小川のせせらぎとか、静かな波の音とか、耳にやさしいネイチャー系BGMは確かに人気ですが、どうもボクにはしっくりこなくて。単調な繰り返し音は、なぜだか耳が引きつけられてしまって、かえって集中力を欠いてしまいます。歌詞がある楽曲、特に邦楽も日本語に耳が引っ張られて意識が散漫になってしまいます。
実のところCoffitivityは尺の長い音源を無限にループさせてはいるんですが(音源をリロードしてるのか数十分ごとに途中「ブツッ」という途切れる音が鳴る)、少なくともせせらぎや波の音のように数秒ごとに繰り返す音ではないため、耳が引っ張られることがありません。
Coffitivityと似たサイトにRainy Cafeがあります。
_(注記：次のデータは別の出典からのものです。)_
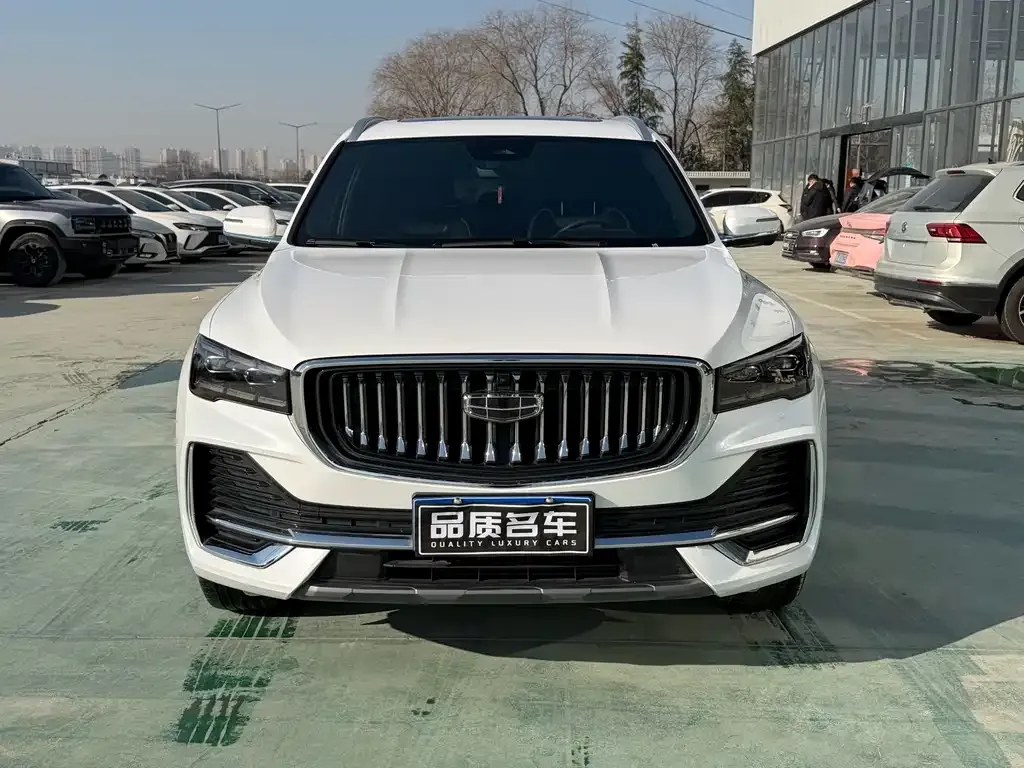 Geely Xingyue L — фото 8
ここはカフェの音とは別に雨音が用意されていて、どっちか片方だけを聞くことができますし、両方を一緒に聞くこともできます。個別にボリューム調整が可能なため、雨が降るオープンテラス(カフェ音:小、雨音:大)の音を擬似再現することもできちゃったりします。
あとはジャズ×雨音のjazzandrainなんてサイトもあります。
ノイズって実はもっと評価されてもイイんじゃない?
この系統のサービスに一定の需要がある。それ自体は自然だけど、こういう“作業用BGM”の役割というのは、ちょっと昔であればラジオが王様だったんじゃないかと思うことがあります。今もですかね? TVを付けっぱなしにしてBGMにしてる人がいるという話を聞いたことがありますが、シェアでいえば環境の制約を受けにくいラジオが圧倒的でしょう。今はネットで聞けるラジオradikoのおかげで、ラジオ受信機本体を持っていなくても気軽に聞けるようになりました。ありがとうradiko。ありがとう科学技術。
でもね…radikoにはノイズがない。音がクリア過ぎる。“ノイズこそがラジオの味”だと思うことがありませんか? ボクは思います。雑音が入らないようチューナーを調整しておきながら、それでも耳に入るノイズに苛立たしさを感じる。その一方で、時たま心地よさを感じてしまう瞬間があるんです。
ラジオの利用シーンで多数派なのは“ながら聞き”ではないでしょうか。勉強しながらラジオを聞く、食器を洗いながらラジオを聞く、ドライブしながらラジオを聞く…。TVやネットと違って、人との距離が絶妙に心地よいのがラジオで、その心地よさを後押ししている要因のひとつがノイズなんじゃないか、と思うんですよね。
イメージを図式にするとこんな感じでしょうか。
テレビ画面に砂嵐が入ると途端にイライラしますが、ラジオのノイズって何故か許せませんか?なんかそういうことなんじゃないかと思うんです。
不遇の長物ノイズ
上記で紹介したCoffitivityは、まさにノイズそのもの。“純粋なノイズ”です。外に出てしまえば当たり前のように溢れている雑音です。だけど、ノイズの向こうにあるものを各人が選択することができます。PCかスマホがあれば、いつでも、どこでも。
ところがBGMが欲しいと思った時に選択肢に入らないのもノイズだったりするわけです。
あぁ、いとかなしやノイズ。
BGMやラジオに限らず、無意識に意識化から除外しているノイズって、意外とそこら辺にコロコロ転がっているのかもしれないですね。